Collected data entries
▽

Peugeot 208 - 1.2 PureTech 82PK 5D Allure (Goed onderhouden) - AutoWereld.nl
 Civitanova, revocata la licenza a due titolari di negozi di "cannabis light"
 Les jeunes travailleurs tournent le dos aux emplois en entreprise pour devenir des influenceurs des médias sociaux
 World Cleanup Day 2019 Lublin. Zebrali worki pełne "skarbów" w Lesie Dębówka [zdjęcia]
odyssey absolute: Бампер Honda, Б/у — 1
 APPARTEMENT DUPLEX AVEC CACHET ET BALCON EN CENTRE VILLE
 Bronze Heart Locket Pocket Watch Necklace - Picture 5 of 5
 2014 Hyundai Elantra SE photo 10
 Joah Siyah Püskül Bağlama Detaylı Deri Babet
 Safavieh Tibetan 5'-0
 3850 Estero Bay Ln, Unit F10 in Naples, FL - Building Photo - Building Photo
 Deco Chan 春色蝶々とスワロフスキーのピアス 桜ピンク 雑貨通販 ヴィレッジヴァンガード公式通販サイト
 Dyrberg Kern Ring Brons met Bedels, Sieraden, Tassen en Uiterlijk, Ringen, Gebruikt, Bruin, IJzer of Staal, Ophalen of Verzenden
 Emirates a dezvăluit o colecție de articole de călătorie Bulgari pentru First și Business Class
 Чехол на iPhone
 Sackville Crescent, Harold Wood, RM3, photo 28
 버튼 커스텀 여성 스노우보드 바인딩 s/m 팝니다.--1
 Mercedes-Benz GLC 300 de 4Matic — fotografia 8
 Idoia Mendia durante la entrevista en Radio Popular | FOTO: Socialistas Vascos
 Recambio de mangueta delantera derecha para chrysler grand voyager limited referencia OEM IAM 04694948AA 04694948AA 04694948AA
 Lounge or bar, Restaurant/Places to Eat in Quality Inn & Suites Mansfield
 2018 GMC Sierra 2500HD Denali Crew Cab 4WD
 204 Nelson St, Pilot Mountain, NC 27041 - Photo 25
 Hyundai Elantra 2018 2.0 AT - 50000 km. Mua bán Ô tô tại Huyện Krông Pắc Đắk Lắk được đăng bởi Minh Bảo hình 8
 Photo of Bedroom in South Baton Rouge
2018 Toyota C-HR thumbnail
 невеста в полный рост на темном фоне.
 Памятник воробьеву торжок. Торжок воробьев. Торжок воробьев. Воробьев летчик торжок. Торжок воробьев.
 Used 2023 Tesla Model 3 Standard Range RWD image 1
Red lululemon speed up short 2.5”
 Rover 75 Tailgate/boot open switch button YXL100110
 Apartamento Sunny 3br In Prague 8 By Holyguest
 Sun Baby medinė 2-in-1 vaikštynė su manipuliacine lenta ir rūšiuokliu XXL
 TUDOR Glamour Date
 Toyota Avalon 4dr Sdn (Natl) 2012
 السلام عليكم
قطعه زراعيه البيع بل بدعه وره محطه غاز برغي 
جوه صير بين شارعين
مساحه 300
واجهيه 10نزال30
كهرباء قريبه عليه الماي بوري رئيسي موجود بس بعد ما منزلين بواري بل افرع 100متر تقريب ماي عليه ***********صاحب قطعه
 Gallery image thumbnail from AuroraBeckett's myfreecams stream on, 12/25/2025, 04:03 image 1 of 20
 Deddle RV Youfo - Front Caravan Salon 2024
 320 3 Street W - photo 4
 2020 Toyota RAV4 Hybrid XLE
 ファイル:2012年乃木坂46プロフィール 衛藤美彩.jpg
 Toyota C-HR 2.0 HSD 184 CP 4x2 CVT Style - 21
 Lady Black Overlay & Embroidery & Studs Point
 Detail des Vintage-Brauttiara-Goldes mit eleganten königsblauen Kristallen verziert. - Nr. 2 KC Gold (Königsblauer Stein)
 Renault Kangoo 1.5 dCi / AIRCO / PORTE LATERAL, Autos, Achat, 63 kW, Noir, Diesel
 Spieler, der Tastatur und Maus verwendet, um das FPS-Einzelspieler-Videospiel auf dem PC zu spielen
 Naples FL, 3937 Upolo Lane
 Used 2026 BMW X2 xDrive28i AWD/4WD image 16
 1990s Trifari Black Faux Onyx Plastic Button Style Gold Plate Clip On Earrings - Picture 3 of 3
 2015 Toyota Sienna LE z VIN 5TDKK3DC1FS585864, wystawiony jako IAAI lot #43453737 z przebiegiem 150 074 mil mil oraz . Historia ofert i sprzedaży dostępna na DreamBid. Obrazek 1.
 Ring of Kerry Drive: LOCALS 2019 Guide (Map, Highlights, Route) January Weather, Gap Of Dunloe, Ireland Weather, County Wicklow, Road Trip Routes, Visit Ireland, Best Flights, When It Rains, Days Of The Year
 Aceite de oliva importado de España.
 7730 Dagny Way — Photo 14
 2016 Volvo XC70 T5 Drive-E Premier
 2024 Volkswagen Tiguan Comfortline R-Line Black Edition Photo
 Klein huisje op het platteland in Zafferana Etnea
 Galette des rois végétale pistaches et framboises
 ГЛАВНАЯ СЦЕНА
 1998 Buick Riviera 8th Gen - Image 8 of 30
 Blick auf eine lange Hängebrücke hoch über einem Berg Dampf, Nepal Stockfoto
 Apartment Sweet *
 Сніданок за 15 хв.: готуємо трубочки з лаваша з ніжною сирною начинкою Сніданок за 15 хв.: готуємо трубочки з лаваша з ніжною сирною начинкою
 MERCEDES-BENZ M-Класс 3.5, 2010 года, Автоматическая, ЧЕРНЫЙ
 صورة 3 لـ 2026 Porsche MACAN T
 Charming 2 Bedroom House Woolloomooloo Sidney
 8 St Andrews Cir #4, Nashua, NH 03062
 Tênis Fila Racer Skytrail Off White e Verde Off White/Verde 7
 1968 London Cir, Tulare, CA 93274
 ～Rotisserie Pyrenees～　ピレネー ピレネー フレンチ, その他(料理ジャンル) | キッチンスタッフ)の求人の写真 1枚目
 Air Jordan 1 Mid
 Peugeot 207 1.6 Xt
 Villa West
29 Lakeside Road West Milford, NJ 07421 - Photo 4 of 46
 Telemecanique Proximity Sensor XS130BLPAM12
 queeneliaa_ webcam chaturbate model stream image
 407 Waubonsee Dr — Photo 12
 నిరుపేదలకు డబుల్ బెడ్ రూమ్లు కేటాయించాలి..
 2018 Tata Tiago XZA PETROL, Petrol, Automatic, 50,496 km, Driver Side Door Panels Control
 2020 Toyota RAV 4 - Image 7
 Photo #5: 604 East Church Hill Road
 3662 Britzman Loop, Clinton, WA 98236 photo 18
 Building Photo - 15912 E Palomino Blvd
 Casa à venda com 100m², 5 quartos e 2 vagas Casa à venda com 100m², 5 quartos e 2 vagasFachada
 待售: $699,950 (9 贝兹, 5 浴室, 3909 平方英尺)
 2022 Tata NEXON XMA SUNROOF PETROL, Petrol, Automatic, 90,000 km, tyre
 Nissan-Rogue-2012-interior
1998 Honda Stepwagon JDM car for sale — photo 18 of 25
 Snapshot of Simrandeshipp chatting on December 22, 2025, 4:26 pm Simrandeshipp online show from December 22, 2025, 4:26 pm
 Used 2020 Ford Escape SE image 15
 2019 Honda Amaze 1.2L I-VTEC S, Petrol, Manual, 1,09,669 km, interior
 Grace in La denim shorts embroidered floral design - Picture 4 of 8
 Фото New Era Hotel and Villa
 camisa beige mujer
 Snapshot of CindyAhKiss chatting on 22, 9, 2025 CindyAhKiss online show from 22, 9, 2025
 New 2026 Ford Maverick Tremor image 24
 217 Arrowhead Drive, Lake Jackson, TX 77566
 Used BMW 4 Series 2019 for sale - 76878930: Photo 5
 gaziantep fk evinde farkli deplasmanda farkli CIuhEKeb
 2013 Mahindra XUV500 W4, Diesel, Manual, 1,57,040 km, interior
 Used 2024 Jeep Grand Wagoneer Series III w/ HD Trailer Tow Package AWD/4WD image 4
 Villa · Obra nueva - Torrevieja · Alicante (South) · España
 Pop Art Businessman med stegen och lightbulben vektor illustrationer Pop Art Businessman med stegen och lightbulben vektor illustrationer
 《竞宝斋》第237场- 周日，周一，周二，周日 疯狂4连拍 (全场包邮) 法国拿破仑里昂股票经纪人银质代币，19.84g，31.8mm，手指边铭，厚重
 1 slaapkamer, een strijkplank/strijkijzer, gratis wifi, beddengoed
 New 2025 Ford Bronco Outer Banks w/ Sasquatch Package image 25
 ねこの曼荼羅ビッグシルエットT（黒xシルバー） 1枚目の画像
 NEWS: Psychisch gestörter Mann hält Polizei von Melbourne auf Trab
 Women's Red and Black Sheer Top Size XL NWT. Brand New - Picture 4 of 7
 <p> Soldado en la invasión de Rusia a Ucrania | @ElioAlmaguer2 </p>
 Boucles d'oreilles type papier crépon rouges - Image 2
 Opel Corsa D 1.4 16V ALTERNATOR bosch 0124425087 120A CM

△

Aim of the task — Up to and including the line that contains "Bronze Heart Locket", output the records above exactly, beginning with their first line.

Written response —
Peugeot 208 - 1.2 PureTech 82PK 5D Allure (Goed onderhouden) - AutoWereld.nl
 Civitanova, revocata la licenza a due titolari di negozi di "cannabis light"
 Les jeunes travailleurs tournent le dos aux emplois en entreprise pour devenir des influenceurs des médias sociaux
 World Cleanup Day 2019 Lublin. Zebrali worki pełne "skarbów" w Lesie Dębówka [zdjęcia]
odyssey absolute: Бампер Honda, Б/у — 1
 APPARTEMENT DUPLEX AVEC CACHET ET BALCON EN CENTRE VILLE
 Bronze Heart Locket Pocket Watch Necklace - Picture 5 of 5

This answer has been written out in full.